- **PROMPT**
Exactly the lines below from the line with "If you have" through the line with "Hi, I'm Neil" must make up the answer, both ends included and pictures left out.

- **RECORDS TO PROCESS**
####################

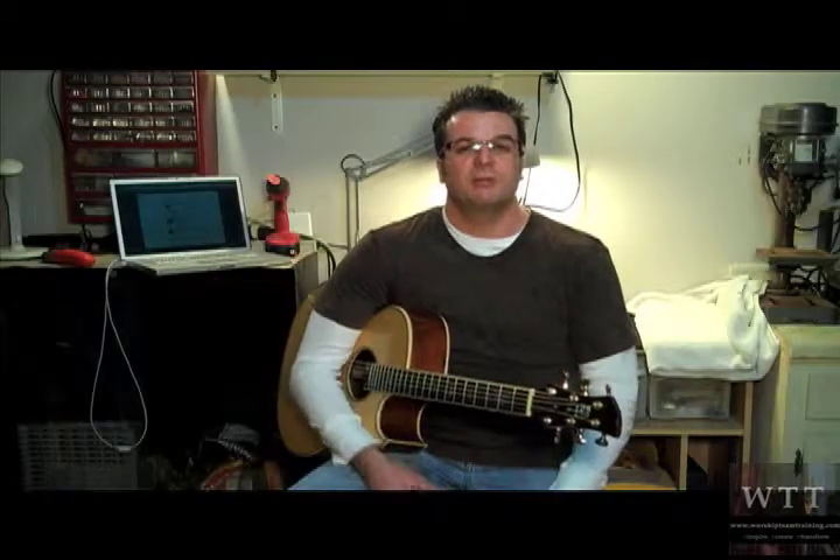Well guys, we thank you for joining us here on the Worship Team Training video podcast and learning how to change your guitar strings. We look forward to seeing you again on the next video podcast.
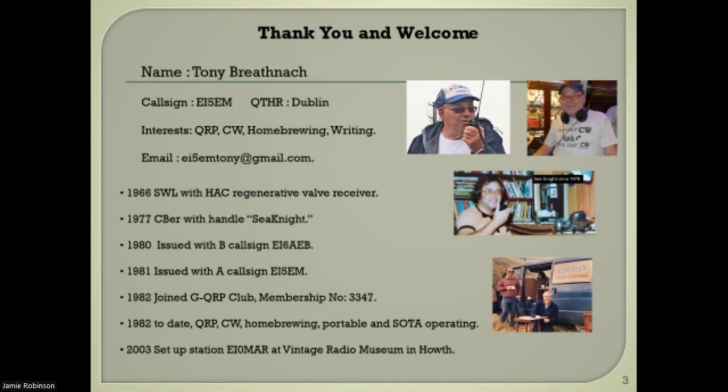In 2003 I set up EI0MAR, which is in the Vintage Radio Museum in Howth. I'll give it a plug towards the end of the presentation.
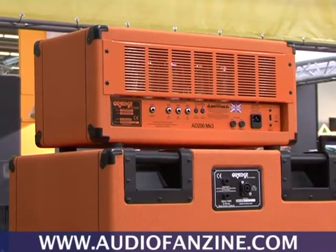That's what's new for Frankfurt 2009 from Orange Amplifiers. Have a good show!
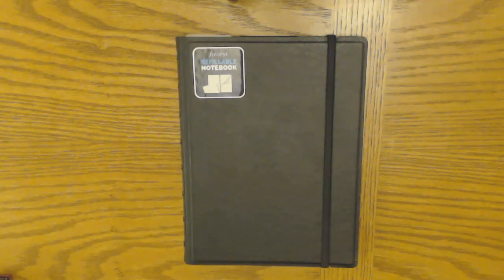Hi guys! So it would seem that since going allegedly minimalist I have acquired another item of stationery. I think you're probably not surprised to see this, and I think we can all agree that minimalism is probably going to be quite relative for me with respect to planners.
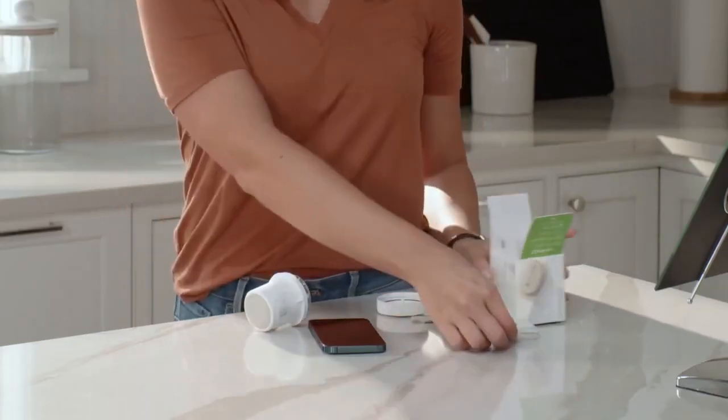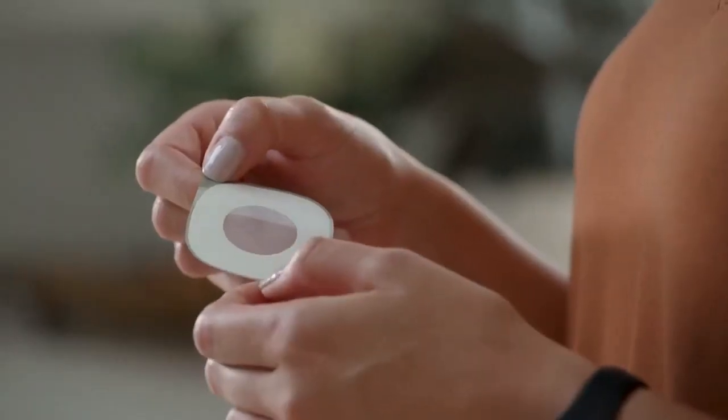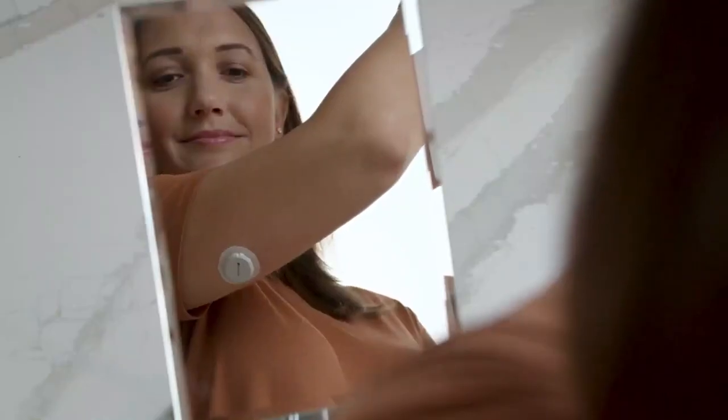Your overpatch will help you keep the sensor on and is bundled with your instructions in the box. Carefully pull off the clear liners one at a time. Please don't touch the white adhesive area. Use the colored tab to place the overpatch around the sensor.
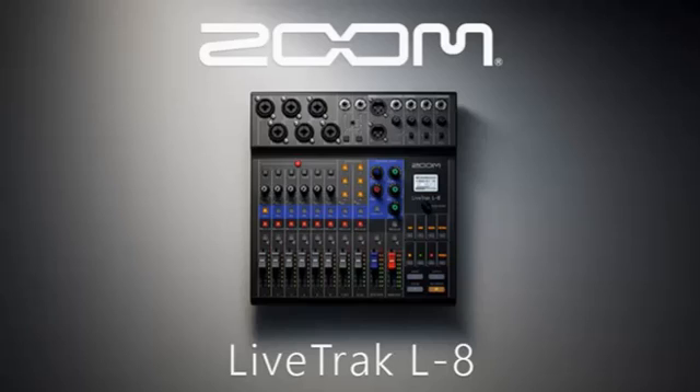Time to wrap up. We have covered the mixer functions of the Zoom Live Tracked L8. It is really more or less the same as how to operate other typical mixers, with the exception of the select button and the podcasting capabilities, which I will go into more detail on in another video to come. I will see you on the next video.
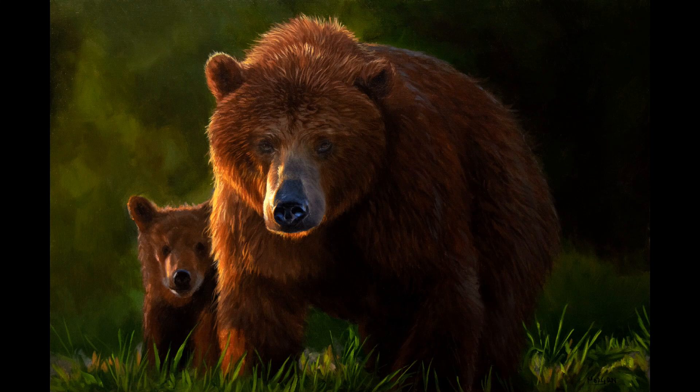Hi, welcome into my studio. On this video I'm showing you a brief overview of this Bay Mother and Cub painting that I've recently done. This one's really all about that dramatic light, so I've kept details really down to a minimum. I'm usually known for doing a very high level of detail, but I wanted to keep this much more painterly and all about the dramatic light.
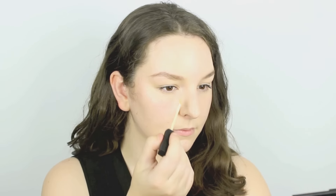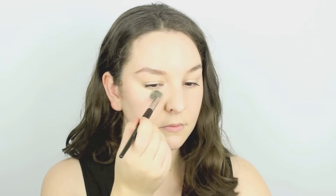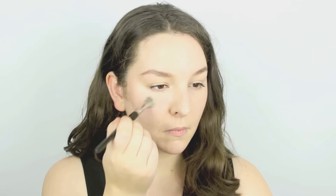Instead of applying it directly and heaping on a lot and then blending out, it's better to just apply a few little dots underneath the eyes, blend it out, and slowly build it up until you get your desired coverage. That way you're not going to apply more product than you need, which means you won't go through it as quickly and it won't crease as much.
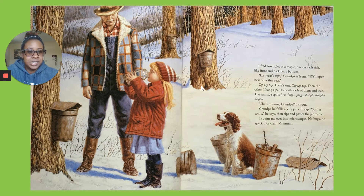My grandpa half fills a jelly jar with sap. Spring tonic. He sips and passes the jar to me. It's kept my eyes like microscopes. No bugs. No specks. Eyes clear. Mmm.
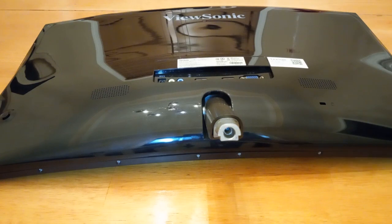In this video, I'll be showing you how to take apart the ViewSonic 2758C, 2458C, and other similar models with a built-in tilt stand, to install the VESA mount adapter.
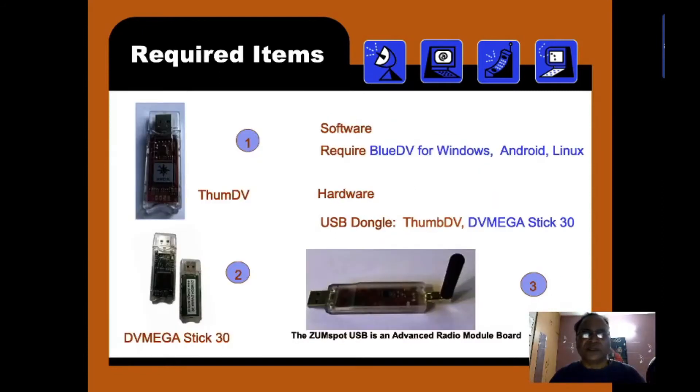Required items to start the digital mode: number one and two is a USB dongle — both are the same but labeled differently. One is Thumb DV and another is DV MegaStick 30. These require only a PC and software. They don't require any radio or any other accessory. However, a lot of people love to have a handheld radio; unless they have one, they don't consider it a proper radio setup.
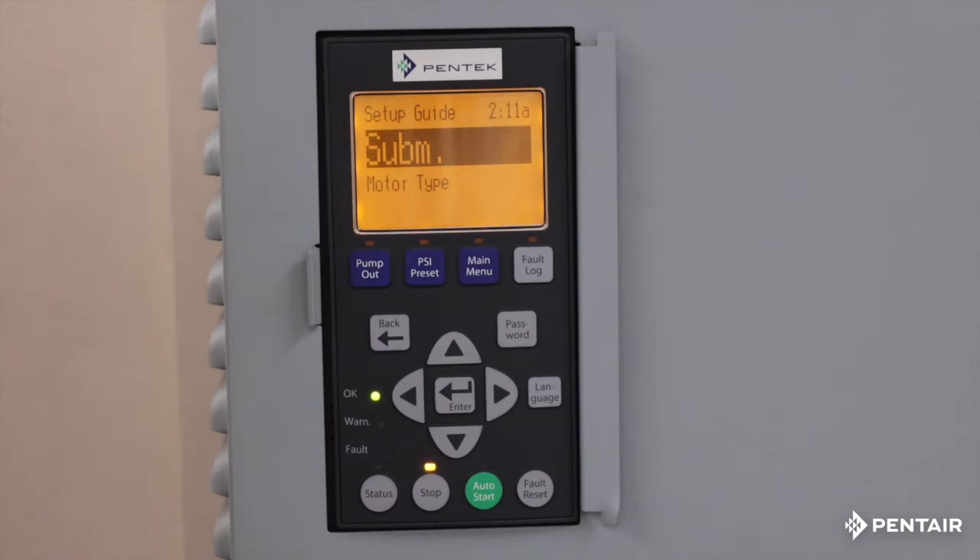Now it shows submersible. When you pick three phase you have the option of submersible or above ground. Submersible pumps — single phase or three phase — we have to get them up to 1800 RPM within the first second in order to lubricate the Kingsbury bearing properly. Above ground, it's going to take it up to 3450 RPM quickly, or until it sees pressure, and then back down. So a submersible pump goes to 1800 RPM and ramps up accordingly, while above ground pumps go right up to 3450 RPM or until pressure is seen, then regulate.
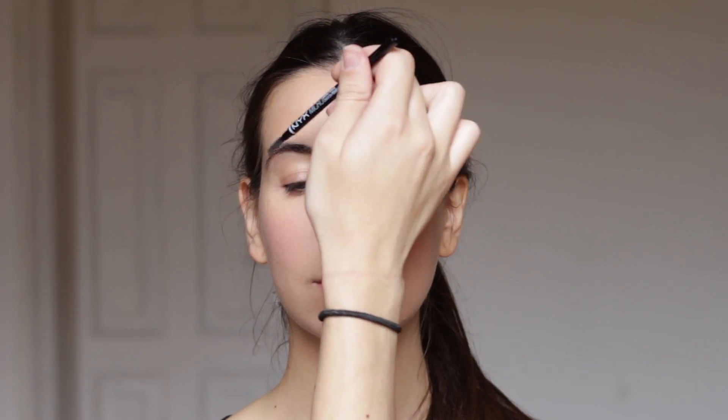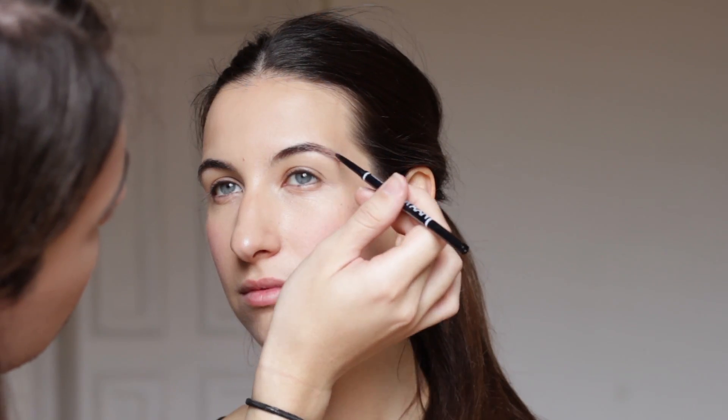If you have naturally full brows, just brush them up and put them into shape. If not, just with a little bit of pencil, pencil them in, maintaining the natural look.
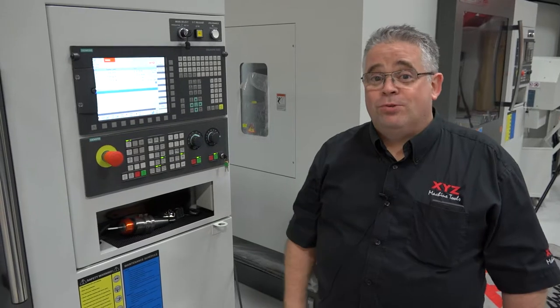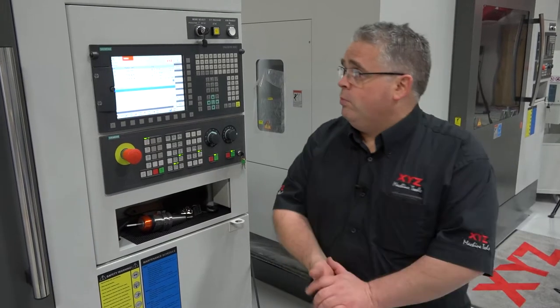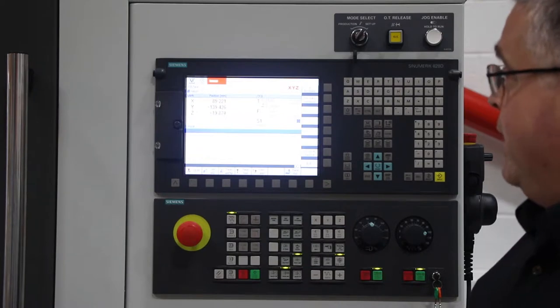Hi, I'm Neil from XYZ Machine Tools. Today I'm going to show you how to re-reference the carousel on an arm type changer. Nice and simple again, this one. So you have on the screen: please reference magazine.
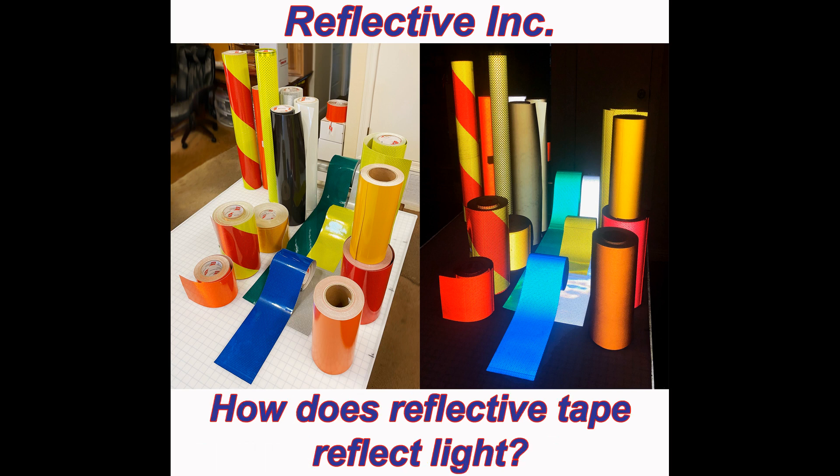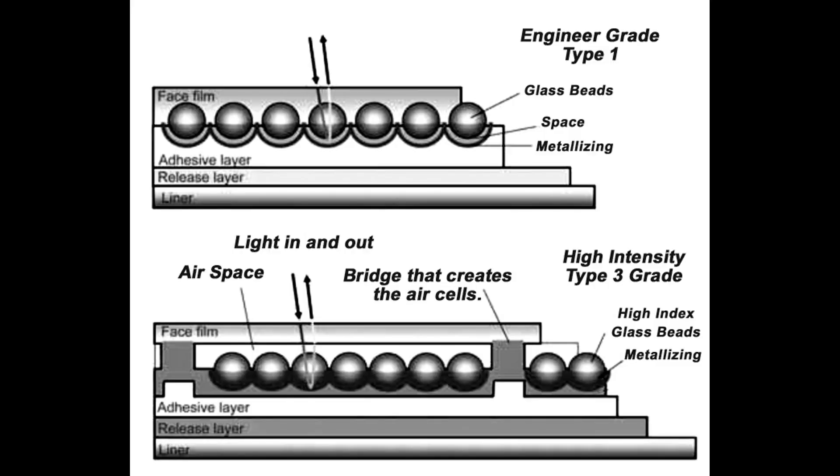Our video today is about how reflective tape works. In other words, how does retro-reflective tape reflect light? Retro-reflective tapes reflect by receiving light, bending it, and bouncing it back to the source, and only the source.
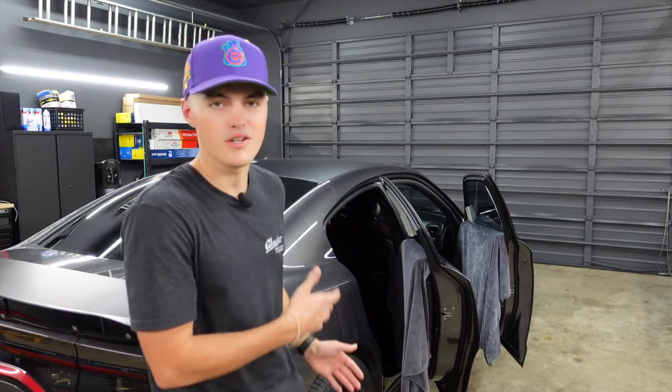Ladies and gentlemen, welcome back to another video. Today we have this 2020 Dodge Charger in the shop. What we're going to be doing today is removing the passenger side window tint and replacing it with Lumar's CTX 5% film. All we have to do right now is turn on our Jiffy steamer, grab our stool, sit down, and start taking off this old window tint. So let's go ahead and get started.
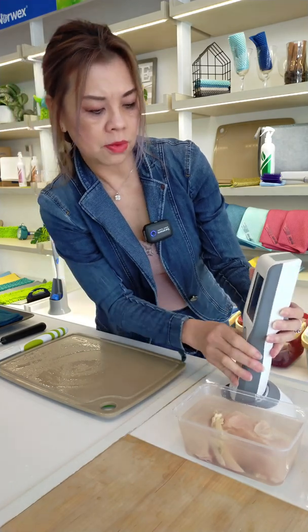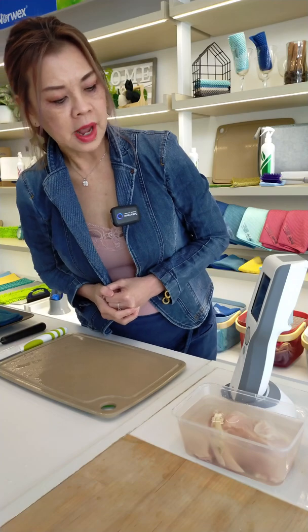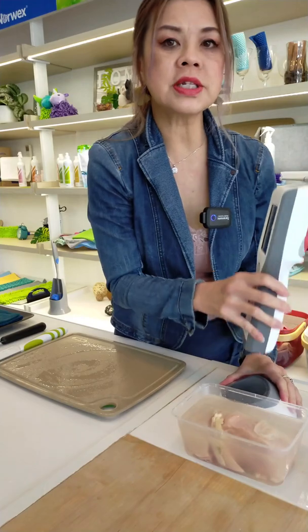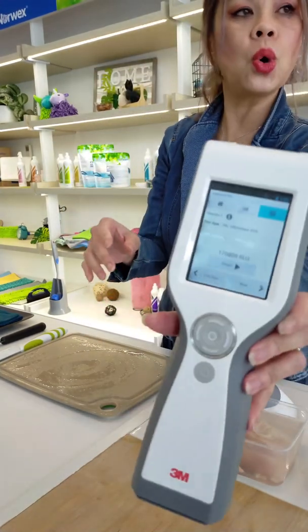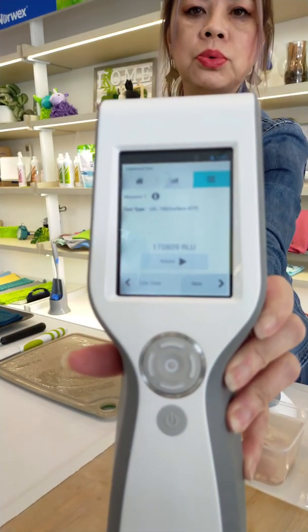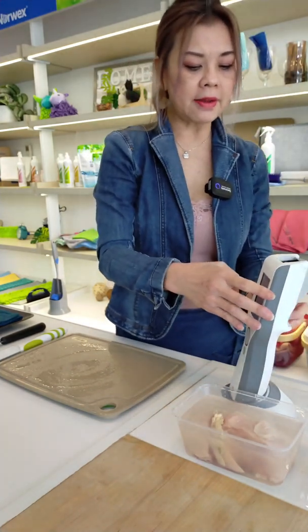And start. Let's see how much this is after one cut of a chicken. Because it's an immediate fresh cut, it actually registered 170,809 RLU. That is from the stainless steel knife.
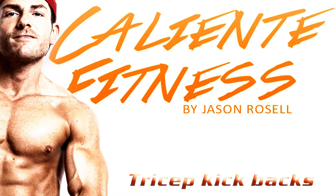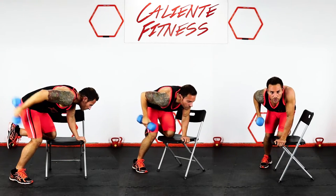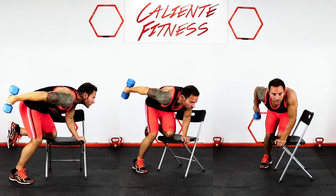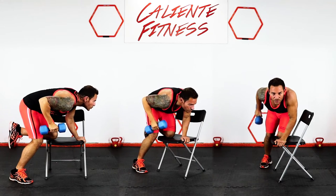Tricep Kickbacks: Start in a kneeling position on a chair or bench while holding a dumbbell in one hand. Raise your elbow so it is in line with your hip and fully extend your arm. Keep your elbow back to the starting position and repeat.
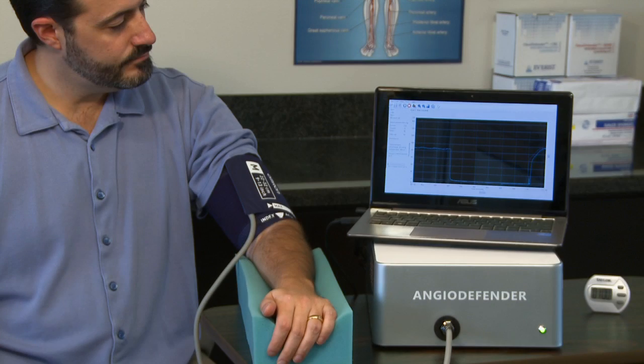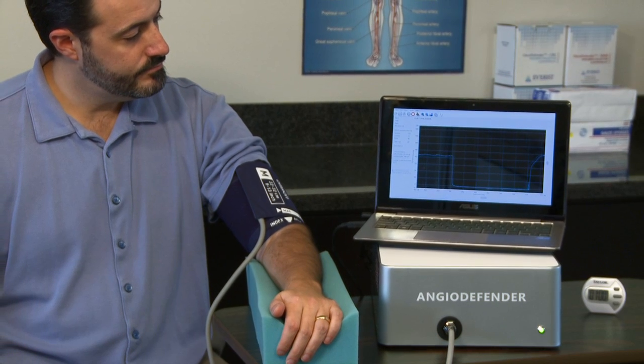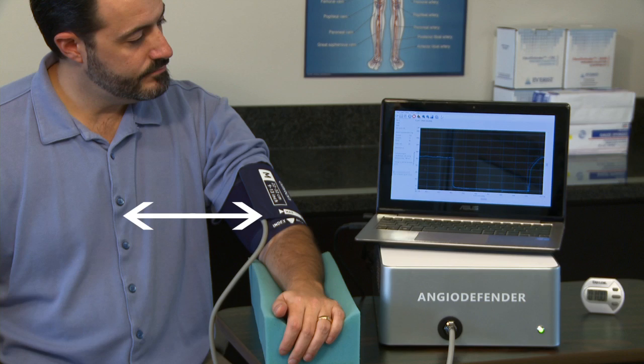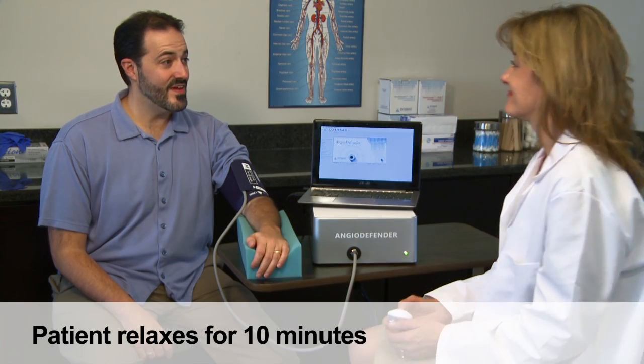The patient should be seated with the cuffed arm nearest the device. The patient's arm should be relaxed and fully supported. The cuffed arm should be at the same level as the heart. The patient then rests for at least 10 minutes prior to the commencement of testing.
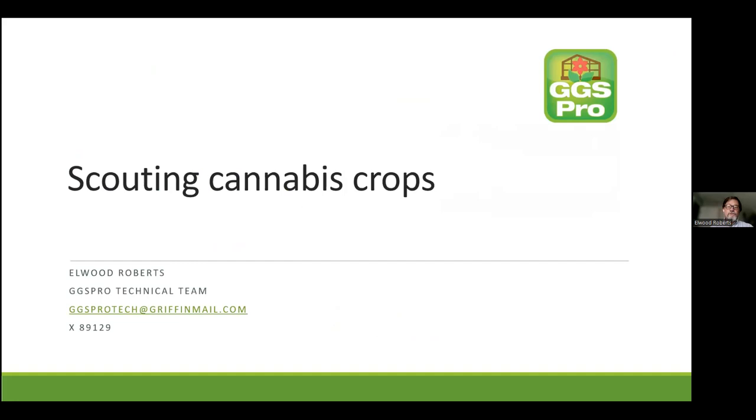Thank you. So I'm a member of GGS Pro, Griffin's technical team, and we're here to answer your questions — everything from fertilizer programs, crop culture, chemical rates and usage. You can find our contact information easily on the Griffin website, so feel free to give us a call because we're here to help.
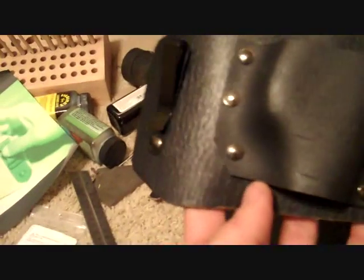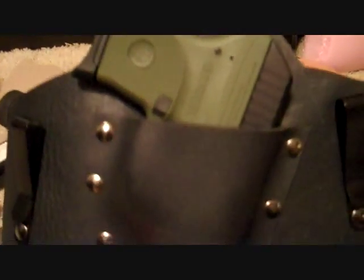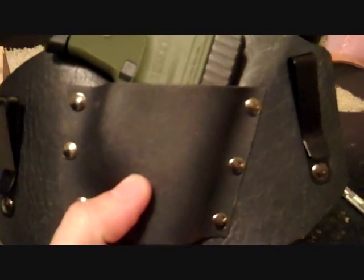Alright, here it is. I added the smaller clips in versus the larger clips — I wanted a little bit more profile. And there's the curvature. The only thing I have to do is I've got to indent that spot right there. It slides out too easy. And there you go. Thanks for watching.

####################

- **YOUR RESPONSE**
If you have naturally full brows, just brush them up and put them into shape. If not, just with a little bit of pencil, pencil them in, maintaining the natural look.
Hi, I'm Neil from XYZ Machine Tools. Today I'm going to show you how to re-reference the carousel on an arm type changer. Nice and simple again, this one. So you have on the screen: please reference magazine.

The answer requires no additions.